Luserna (Cimbrian: Lusérn, Lusern) is a comune (municipality) in Trentino in the northern Italian region Trentino-Alto Adige/Südtirol, located about 40 km southeast of Trento. As of 2021, it had a population of 271 and an area of 8.2 km2.

Luserna is part of the Magnificent Community of the Cimbrian Highlands (Altipiani Cimbri) together with the municipalities of Lavarone and Folgaria. In the tourist sphere it is part of the Alpe Cimbra. It is one of I Borghi più belli d'Italia ("The most beautiful villages of Italy").

Lusérn borders the following municipalities: Caldonazzo, Lavarone, Levico Terme, Pedemonte, Rotzo and Valdastico.

== Cimbrian culture and language ==

Lusérn is the centre of Cimbrian language and culture. In the 2021 census, around 68.8% of the people of Lusérn stated Cimbrian, an Upper German dialect of the Germanic language, to be their first language.

The Cimbrian spoken in Lusérn is a slightly different dialect from Cimbrian spoken elsewhere.
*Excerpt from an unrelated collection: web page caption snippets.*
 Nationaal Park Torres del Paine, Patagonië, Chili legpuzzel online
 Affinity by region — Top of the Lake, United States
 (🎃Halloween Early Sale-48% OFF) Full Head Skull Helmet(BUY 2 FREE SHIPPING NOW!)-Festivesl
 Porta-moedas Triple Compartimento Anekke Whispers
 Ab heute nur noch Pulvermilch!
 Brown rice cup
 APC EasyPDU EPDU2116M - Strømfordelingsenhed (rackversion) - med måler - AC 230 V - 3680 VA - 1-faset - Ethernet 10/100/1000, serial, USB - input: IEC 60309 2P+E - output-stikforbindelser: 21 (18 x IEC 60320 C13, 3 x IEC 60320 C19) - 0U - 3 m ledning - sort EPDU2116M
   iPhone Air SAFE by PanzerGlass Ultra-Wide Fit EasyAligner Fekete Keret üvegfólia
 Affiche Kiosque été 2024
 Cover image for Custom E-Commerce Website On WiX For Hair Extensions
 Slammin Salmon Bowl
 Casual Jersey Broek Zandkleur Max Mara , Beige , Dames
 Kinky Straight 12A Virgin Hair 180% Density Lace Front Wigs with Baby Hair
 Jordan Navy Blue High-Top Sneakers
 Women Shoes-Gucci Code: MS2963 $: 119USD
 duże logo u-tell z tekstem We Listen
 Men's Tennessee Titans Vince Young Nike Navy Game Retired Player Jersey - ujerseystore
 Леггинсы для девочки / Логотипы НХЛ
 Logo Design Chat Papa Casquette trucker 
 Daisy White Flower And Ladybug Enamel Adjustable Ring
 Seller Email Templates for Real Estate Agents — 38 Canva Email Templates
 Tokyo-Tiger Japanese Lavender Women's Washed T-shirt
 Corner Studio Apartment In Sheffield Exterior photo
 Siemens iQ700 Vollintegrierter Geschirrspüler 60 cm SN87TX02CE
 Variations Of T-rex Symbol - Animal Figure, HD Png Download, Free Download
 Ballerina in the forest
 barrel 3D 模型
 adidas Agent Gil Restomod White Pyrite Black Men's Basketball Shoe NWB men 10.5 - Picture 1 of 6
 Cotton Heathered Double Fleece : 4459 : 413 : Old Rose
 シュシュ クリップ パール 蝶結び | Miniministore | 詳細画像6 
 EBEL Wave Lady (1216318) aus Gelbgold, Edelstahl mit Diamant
| Cimbrian | German | English |
|---|---|---|
| Lusérn iz a khlummaz lånt vo perge, obar in Astetal. 'Z iz daz lest lånt, boma no redet azpe biar. | Lusern ist ein kleines Bergdorf, oberhalb des Val d'Astico. Es ist das letzte Dorf, in dem Zimbrisch gesprochen wird (als wie wir). | Luserna is a small mountain-village overlooking the Val d'Astico. It is the last village where Cimbrian is spoken the way we do. |

== Point of interest ==
The village of Luserna has seven restaurants and one little hotel, four museums (one of them is an old Austrian's Fortress) and four thematic trails that tell Cimbrian legends and stories. They are passable by families and mountain bikes, and in winter they become paths suitable for snowshoeing.

== History ==
Luserna was founded around the year 1400 from Bavarians populations coming from nearby Lavarone who decided to stay and live here. In 1780 Luserna became independent from Lavarone. Until 1918 it was included in the Austro-Hungarian Empire, precisely in the County of Tyrol. During the last years of the 1800s it became famous for its tradition of bobbin lace and thanks to the Austrian administration, it had both German and Italian schools.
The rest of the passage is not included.